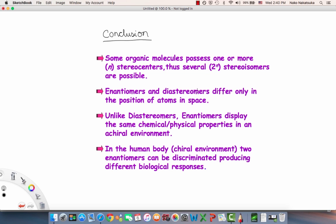Enantiomers and diastereomers differ only in the position of atoms in space. Unlike diastereomers, enantiomers display the same chemical and physical properties in an achiral environment. This is critical — this is only in an achiral environment, because in the human body, which is a chiral environment, there are a lot of chiral or enantiomeric structures.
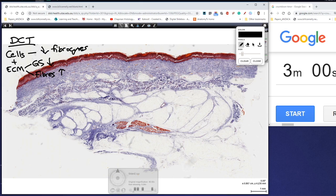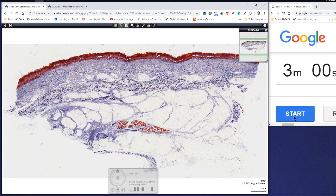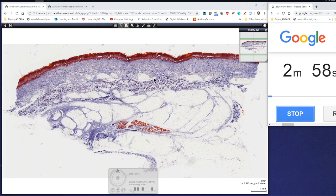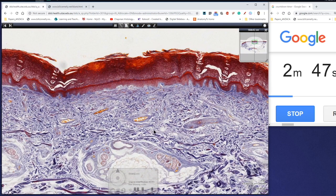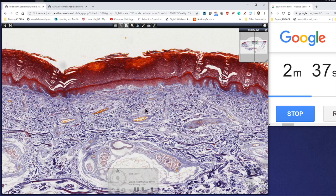So we're going to be looking at dense irregular connective tissue in this slide here. This is a trichrome stain section of thick skin. We can tell it's thick skin because of the very well-developed stratum corneum of the epidermis. With trichrome, you can see the epithelium is stained red, and the connective tissue fibers are stained this purpley-blue color.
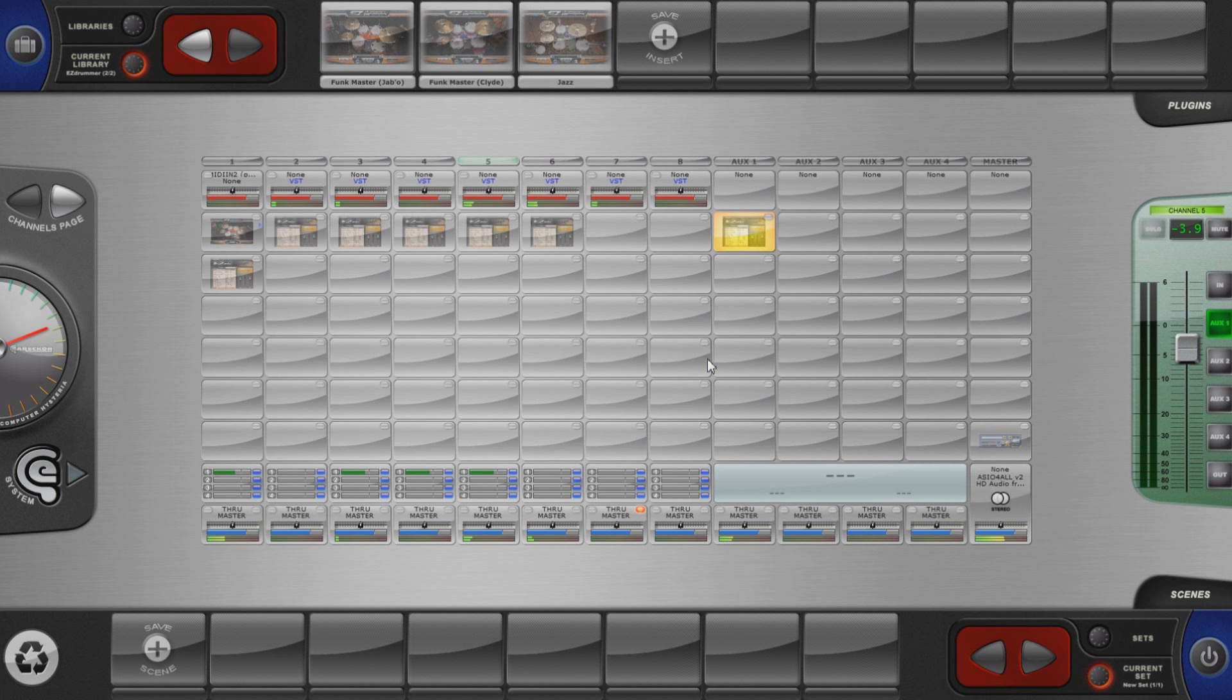Now that everything is finished it's time to save the current scene so we can call it later from just a double click or from a button on a MIDI instrument or controller.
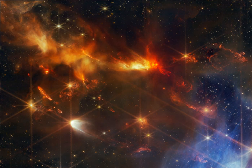Brighter foreground stars exhibit Webb's characteristic diffraction spikes.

ACTIVITY:
In this exercise, set down all of the data exactly, without the pictures.

COMPLETED TASK:
Enantiomers and diastereomers differ only in the position of atoms in space. Unlike diastereomers, enantiomers display the same chemical and physical properties in an achiral environment. This is critical — this is only in an achiral environment, because in the human body, which is a chiral environment, there are a lot of chiral or enantiomeric structures.
So we're going to be looking at dense irregular connective tissue in this slide here. This is a trichrome stain section of thick skin. We can tell it's thick skin because of the very well-developed stratum corneum of the epidermis. With trichrome, you can see the epithelium is stained red, and the connective tissue fibers are stained this purpley-blue color.
Now that everything is finished it's time to save the current scene so we can call it later from just a double click or from a button on a MIDI instrument or controller.
Brighter foreground stars exhibit Webb's characteristic diffraction spikes.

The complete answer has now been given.